For context, I have just had this feature rolled out to some of our Windows 10 Pro non-domain joined PCs on 20H2.
Firstly, how did this feature even pass testing? Whenever you mouse over it, it hijacks 1/4 of the screen real estate, which is very annoying.
Secondly, do you care to elaborate how the data gets personalised despite having every privacy setting already enabled and using a 3rd party browser (Firefox) with all of it's privacy settings, including uBlock Origin and Privacy Badger extensions enabled?
Thirdly, why has this new feature been pushed out of band and not with the 21H1 update? Isn't the whole point of the 6-monthly feature update to enable the new features? so Why was it enabled outside of the feature update when these kinds of changes could be expected from the feature update? And the Insiders only tested this on 21H1. The correct thing to do would have been to enable it with 21H1 only because this has not been properly tested on prior builds. If someone really wanted it on a prior build (for some reason), it should be a deliberate act to enable this functionality path.
Fourth, how is it exactly that features are silently being enabled on our PCs without even as much a log in the Windows Update interface? Is there a log of these silent enablements somewhere? Is there a news feed to subscribe to so that we can be aware of any silent enablements/disablements which could be coming our way or do we need to sign up to every Microsoft blog in existence and hope to stumble upon that information with less than a months notice? If we experience an issue as a result of a change, it makes it a lot harder to troubleshoot when you are not being transparent about the actions you are taking on the state of our PCs.
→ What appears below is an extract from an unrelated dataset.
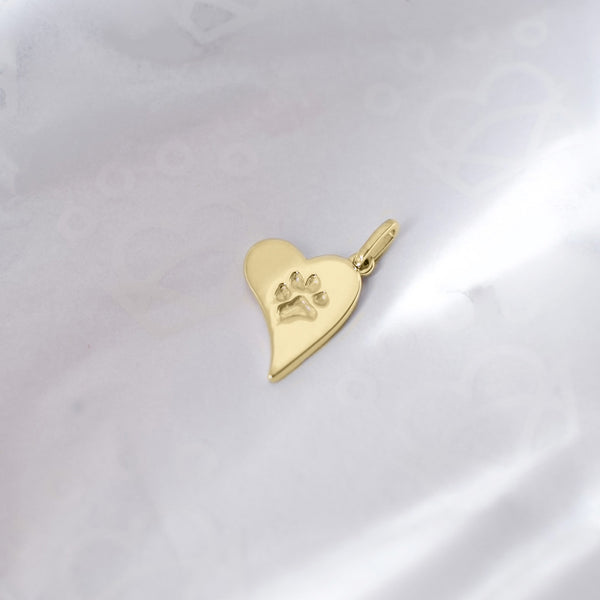 Signature Flowing Heart Paw Print Charm in Yellow Gold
Fifth, from the tone of the most in making it "easily" managed and then providing all these tools for IT admins to disable it, it sounds like you already know and anticipate that most users would not want this useless feature which only gets in the way, so why did you even inflict it on your users in the first place? Thank you for even working new features at all, I'm sure a few fans like it, but I'm sure that anyone who would actually want it could simply just turn it on.
Sixth, following from above, what is the setting which we can deploy to disable all feature related enablements similar to this one in the future, so that we don't get a repeat of this where we are forced to react after the fact? I understand that sometimes some performance/compatibility/crash etc. fixes get silently (refer to Point 4 why this is wrong) but those fixes are actually good, I want those fixes to keep coming (just not silently), but we should have more control to be able to prevent the unnecessary/feature related enablements from coming through. You know that we are just going to turn it off anyway, so why do you even waste your time and ours trying to force it on us, when you know that we are going to disable it anyway.
Microsoft, please do better. You are just hurting your customer's trust when you pull stunts like this.